# DESCRIPTION OF THE TASK
Your answer must match the entries below word for word.

EXTRACTED RECORDS Start Marker

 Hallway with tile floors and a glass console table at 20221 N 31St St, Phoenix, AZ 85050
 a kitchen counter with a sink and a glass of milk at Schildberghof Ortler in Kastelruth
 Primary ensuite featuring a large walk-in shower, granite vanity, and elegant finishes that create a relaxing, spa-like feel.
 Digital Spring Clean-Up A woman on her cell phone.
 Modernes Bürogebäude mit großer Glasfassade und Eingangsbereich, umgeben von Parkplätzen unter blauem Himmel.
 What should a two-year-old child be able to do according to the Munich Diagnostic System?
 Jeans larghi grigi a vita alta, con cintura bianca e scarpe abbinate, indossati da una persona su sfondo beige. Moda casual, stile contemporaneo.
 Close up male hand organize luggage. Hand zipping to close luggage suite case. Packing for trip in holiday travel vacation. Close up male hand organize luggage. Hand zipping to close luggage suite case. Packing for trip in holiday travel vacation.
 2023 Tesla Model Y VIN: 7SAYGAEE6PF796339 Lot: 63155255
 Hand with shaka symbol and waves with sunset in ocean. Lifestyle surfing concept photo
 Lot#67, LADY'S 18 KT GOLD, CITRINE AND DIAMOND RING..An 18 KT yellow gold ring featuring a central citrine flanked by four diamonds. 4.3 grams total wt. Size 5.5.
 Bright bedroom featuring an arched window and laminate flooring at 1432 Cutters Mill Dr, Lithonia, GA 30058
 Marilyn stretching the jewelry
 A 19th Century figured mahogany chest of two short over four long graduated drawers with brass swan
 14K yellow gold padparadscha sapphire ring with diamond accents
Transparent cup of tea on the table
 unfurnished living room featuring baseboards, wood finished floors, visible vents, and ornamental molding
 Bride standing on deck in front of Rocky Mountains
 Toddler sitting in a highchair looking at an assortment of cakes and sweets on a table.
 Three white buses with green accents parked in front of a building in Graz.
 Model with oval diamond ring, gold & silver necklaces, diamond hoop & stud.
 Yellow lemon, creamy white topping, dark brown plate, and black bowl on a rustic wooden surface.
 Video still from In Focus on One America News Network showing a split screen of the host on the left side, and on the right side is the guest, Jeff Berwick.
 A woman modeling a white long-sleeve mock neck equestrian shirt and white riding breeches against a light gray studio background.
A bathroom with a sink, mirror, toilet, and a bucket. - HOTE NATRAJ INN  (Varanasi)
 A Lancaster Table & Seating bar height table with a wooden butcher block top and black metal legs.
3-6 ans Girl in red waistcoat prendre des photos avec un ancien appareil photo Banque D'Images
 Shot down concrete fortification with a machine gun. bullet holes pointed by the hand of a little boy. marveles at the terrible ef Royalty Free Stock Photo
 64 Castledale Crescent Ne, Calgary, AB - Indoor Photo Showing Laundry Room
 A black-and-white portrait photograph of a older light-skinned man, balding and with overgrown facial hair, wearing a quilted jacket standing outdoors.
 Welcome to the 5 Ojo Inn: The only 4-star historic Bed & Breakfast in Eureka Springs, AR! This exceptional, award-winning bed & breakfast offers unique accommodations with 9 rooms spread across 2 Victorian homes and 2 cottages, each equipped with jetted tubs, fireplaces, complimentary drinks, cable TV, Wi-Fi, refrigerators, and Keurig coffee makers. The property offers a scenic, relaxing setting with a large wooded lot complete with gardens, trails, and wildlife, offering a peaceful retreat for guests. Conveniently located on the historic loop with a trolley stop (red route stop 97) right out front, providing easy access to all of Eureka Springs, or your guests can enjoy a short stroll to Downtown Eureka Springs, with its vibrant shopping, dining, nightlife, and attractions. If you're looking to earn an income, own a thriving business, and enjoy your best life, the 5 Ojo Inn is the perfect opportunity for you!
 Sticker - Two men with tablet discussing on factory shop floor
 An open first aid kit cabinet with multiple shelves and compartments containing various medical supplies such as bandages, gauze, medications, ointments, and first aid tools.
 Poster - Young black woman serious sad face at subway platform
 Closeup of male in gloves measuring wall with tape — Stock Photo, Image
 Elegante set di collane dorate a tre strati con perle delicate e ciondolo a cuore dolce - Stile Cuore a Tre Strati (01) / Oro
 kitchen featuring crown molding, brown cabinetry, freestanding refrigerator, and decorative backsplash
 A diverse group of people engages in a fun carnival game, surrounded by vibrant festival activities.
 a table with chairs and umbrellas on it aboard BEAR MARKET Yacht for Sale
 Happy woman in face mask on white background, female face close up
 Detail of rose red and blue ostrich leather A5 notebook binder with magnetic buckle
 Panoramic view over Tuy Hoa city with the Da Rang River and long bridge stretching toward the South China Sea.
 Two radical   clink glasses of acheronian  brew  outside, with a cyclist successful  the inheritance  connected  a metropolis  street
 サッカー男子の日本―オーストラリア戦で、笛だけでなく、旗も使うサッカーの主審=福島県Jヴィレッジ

EXTRACTED RECORDS End Marker

# EXERCISE OUTPUT
 Hallway with tile floors and a glass console table at 20221 N 31St St, Phoenix, AZ 85050
 a kitchen counter with a sink and a glass of milk at Schildberghof Ortler in Kastelruth
 Primary ensuite featuring a large walk-in shower, granite vanity, and elegant finishes that create a relaxing, spa-like feel.
 Digital Spring Clean-Up A woman on her cell phone.
 Modernes Bürogebäude mit großer Glasfassade und Eingangsbereich, umgeben von Parkplätzen unter blauem Himmel.
 What should a two-year-old child be able to do according to the Munich Diagnostic System?
 Jeans larghi grigi a vita alta, con cintura bianca e scarpe abbinate, indossati da una persona su sfondo beige. Moda casual, stile contemporaneo.
 Close up male hand organize luggage. Hand zipping to close luggage suite case. Packing for trip in holiday travel vacation. Close up male hand organize luggage. Hand zipping to close luggage suite case. Packing for trip in holiday travel vacation.
 2023 Tesla Model Y VIN: 7SAYGAEE6PF796339 Lot: 63155255
 Hand with shaka symbol and waves with sunset in ocean. Lifestyle surfing concept photo
 Lot#67, LADY'S 18 KT GOLD, CITRINE AND DIAMOND RING..An 18 KT yellow gold ring featuring a central citrine flanked by four diamonds. 4.3 grams total wt. Size 5.5.
 Bright bedroom featuring an arched window and laminate flooring at 1432 Cutters Mill Dr, Lithonia, GA 30058
 Marilyn stretching the jewelry
 A 19th Century figured mahogany chest of two short over four long graduated drawers with brass swan
 14K yellow gold padparadscha sapphire ring with diamond accents
Transparent cup of tea on the table
 unfurnished living room featuring baseboards, wood finished floors, visible vents, and ornamental molding
 Bride standing on deck in front of Rocky Mountains
 Toddler sitting in a highchair looking at an assortment of cakes and sweets on a table.
 Three white buses with green accents parked in front of a building in Graz.
 Model with oval diamond ring, gold & silver necklaces, diamond hoop & stud.
 Yellow lemon, creamy white topping, dark brown plate, and black bowl on a rustic wooden surface.
 Video still from In Focus on One America News Network showing a split screen of the host on the left side, and on the right side is the guest, Jeff Berwick.
 A woman modeling a white long-sleeve mock neck equestrian shirt and white riding breeches against a light gray studio background.
A bathroom with a sink, mirror, toilet, and a bucket. - HOTE NATRAJ INN  (Varanasi)
 A Lancaster Table & Seating bar height table with a wooden butcher block top and black metal legs.
3-6 ans Girl in red waistcoat prendre des photos avec un ancien appareil photo Banque D'Images
 Shot down concrete fortification with a machine gun. bullet holes pointed by the hand of a little boy. marveles at the terrible ef Royalty Free Stock Photo
 64 Castledale Crescent Ne, Calgary, AB - Indoor Photo Showing Laundry Room
 A black-and-white portrait photograph of a older light-skinned man, balding and with overgrown facial hair, wearing a quilted jacket standing outdoors.
 Welcome to the 5 Ojo Inn: The only 4-star historic Bed & Breakfast in Eureka Springs, AR! This exceptional, award-winning bed & breakfast offers unique accommodations with 9 rooms spread across 2 Victorian homes and 2 cottages, each equipped with jetted tubs, fireplaces, complimentary drinks, cable TV, Wi-Fi, refrigerators, and Keurig coffee makers. The property offers a scenic, relaxing setting with a large wooded lot complete with gardens, trails, and wildlife, offering a peaceful retreat for guests. Conveniently located on the historic loop with a trolley stop (red route stop 97) right out front, providing easy access to all of Eureka Springs, or your guests can enjoy a short stroll to Downtown Eureka Springs, with its vibrant shopping, dining, nightlife, and attractions. If you're looking to earn an income, own a thriving business, and enjoy your best life, the 5 Ojo Inn is the perfect opportunity for you!
 Sticker - Two men with tablet discussing on factory shop floor
 An open first aid kit cabinet with multiple shelves and compartments containing various medical supplies such as bandages, gauze, medications, ointments, and first aid tools.
 Poster - Young black woman serious sad face at subway platform
 Closeup of male in gloves measuring wall with tape — Stock Photo, Image
 Elegante set di collane dorate a tre strati con perle delicate e ciondolo a cuore dolce - Stile Cuore a Tre Strati (01) / Oro
 kitchen featuring crown molding, brown cabinetry, freestanding refrigerator, and decorative backsplash
 A diverse group of people engages in a fun carnival game, surrounded by vibrant festival activities.
 a table with chairs and umbrellas on it aboard BEAR MARKET Yacht for Sale
 Happy woman in face mask on white background, female face close up
 Detail of rose red and blue ostrich leather A5 notebook binder with magnetic buckle
 Panoramic view over Tuy Hoa city with the Da Rang River and long bridge stretching toward the South China Sea.
 Two radical   clink glasses of acheronian  brew  outside, with a cyclist successful  the inheritance  connected  a metropolis  street
 サッカー男子の日本―オーストラリア戦で、笛だけでなく、旗も使うサッカーの主審=福島県Jヴィレッジ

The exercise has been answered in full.